• [What is being asked]
Reproduce all of the material, keeping each line intact.

• [Available data]
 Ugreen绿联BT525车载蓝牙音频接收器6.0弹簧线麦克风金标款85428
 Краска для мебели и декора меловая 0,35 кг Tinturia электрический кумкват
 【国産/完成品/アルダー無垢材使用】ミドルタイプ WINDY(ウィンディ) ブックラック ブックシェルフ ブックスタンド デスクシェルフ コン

• [Task output]
 Ugreen绿联BT525车载蓝牙音频接收器6.0弹簧线麦克风金标款85428
 Краска для мебели и декора меловая 0,35 кг Tinturia электрический кумкват
 【国産/完成品/アルダー無垢材使用】ミドルタイプ WINDY(ウィンディ) ブックラック ブックシェルフ ブックスタンド デスクシェルフ コン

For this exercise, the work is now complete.